Name Type Description
name str

Column name

data_type str

String alias for a pyarrow data type (e.g., "string", "int64", "float64", "timestamp"). Data from the specified domain will be cast to this type on a best-effort basis.

column_type ColumnType

Type of column (independent, stateful, derived, foreign_key)

column_category_type ColumnCategoryType

Data model category type for column (metadata or measurement)

domain Optional[Domain]

Domain specification (for independent/stateful columns only)

derivation Optional[Derivation]

Derivation specification (for derived columns only)

The column category can be metadata or measurement (see supported data models for examples).

rockfish.actions.ent.ColumnCategoryType

Source code in src/rockfish/actions/ent/generate.py
635
636
637
class ColumnCategoryType(str, Enum):
    METADATA = "metadata"
    MEASUREMENT = "measurement"

rockfish.actions.ent.ColumnType

Source code in src/rockfish/actions/ent/generate.py
628
629
630
631
632
class ColumnType(str, Enum):
    INDEPENDENT = "independent"
    STATEFUL = "stateful"
    DERIVED = "derived"
    FOREIGN_KEY = "foreign_key"
  • Independent: Generated independently using a domain (cannot use temporal domains)
  • Stateful: Temporal columns using state machines or timeseries (must be of measurement category)
  • Derived: Computed from other columns using derivation functions
  • Foreign Key: References another entity (must be metadata category)

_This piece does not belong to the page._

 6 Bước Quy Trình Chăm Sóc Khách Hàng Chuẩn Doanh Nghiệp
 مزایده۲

Validation rules by column type:

Column Type Requires Cannot Have Category Type
independent domain (non-temporal) derivation Any
stateful domain (STATE_MACHINE or TIMESERIES) derivation measurement only
derived derivation domain Any
foreign_key (auto-generated) domain, derivation metadata only

rockfish.actions.ent.Domain

Domain specification for independent and stateful columns.

Categorical domain
Domain(
    type=DomainType.CATEGORICAL,
    params=CategoricalParams(
        values=["alice", "bob", "charlie"],
        with_replacement=False
    )
)

Attributes:

Name Type Description
type DomainType

The type of domain/generator to use

params Union[IDParams, SequentialIntParams, CategoricalParams, UniformDistParams, NormalDistParams, ExponentialDistParams, TimeseriesParams, StateMachineParams]

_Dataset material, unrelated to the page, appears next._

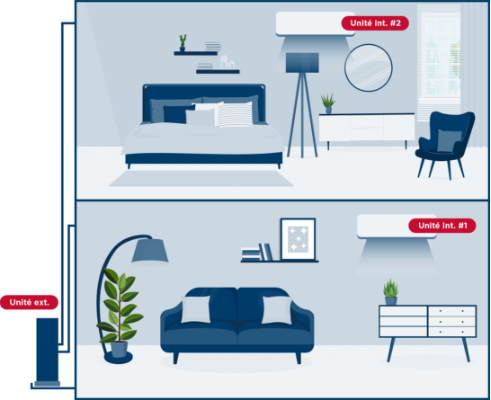 Thermopompe Multizone Heat pump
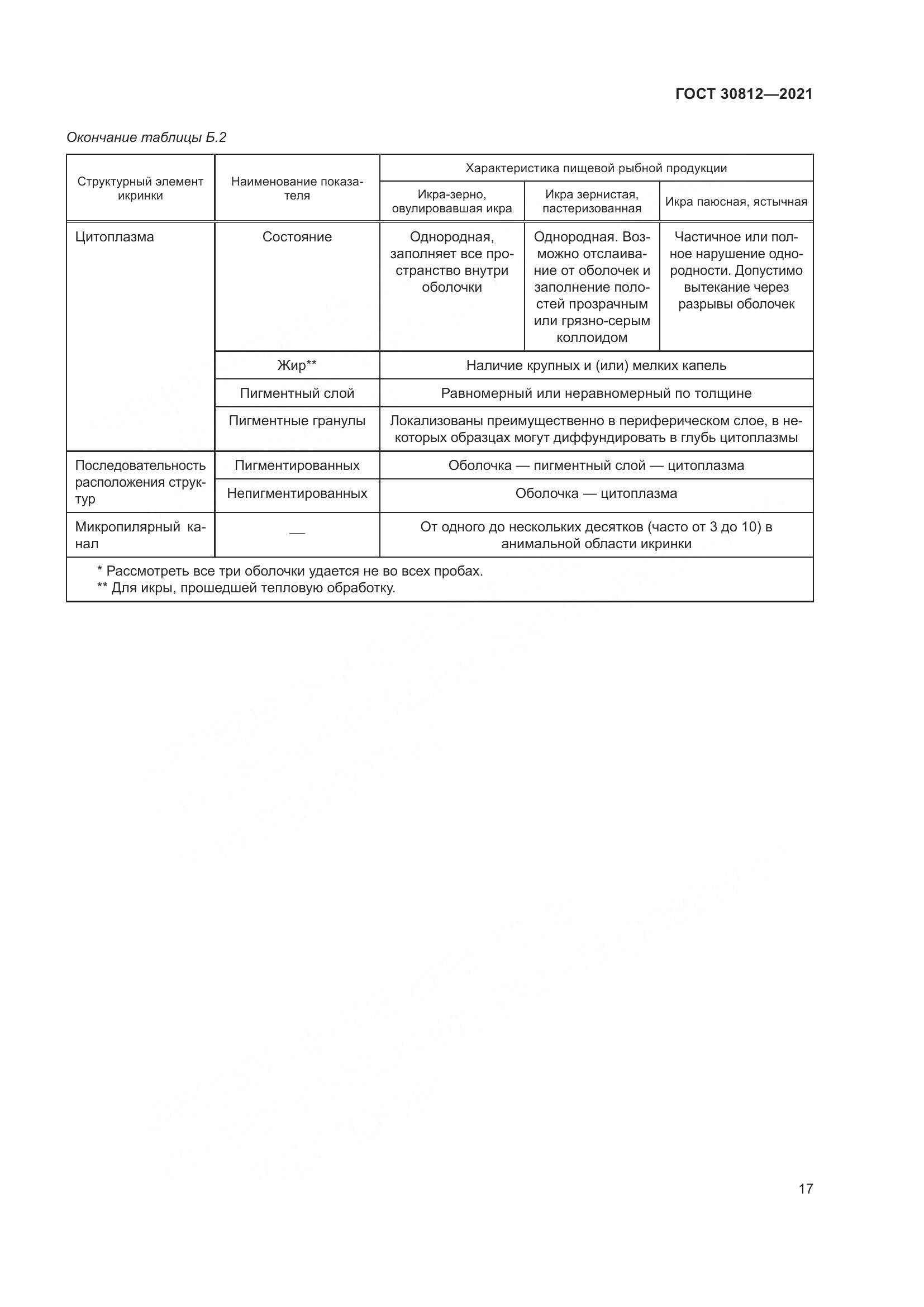 ГОСТ 30812-2021, страница 23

Typed parameters specific to the domain type

rockfish.actions.ent.DomainType

Source code in src/rockfish/actions/ent/generate.py
23
24
25
26
27
28
29
30
31
class DomainType(str, Enum):
    ID = "id"
    SEQUENTIAL_INT = "sequential_int"
    CATEGORICAL = "categorical"
    UNIFORM_DIST = "uniform_dist"
    NORMAL_DIST = "normal_dist"
    EXPONENTIAL_DIST = "exponential_dist"
    STATE_MACHINE = "state_machine"
    TIMESERIES = "timeseries"

Domain Parameters

Each domain type has specific parameters:

rockfish.actions.ent.IDParams

Parameters for ID domain generation. Generates unique ID strings using a template with {id} placeholder.

Create ID parameters
IDParams(template_str="USER_{id}")

Attributes:

Name Type Description
template_str str

Format string with {id} placeholder (e.g., "USER_{id}")

rockfish.actions.ent.SequentialIntParams

Parameters for sequential integer ID generation.

Sequential integers starting from 1
SequentialIntParams(start=1)
Sequential integers starting from 100
SequentialIntParams(start=100)

Attributes:

Name Type Description
start int

Starting value for the sequence

rockfish.actions.ent.CategoricalParams

Parameters for categorical value sampling.

Sample from categorical values without replacement
CategoricalParams(
    values=["alice", "bob", "charlie"],
    with_replacement=False
)

Attributes:

Name Type Description
values list[Any]

List of categorical values to sample from

weights Optional[list[float]]

Optional probability weights for each value (will be normalized)

seed Optional[int]

Random seed for reproducibility

with_replacement bool

If True, allow repeated values; if False, sample without replacement

rockfish.actions.ent.UniformDistParams

Parameters for uniform distribution generation.

Uniform distribution between 0 and 10
UniformDistParams(lower=0.0, upper=10.0)

Attributes:

Name Type Description
lower float

Lower bound (inclusive)

upper float

Upper bound (exclusive)

seed Optional[int]

Random seed for reproducibility

rockfish.actions.ent.NormalDistParams

Parameters for normal (Gaussian) distribution generation.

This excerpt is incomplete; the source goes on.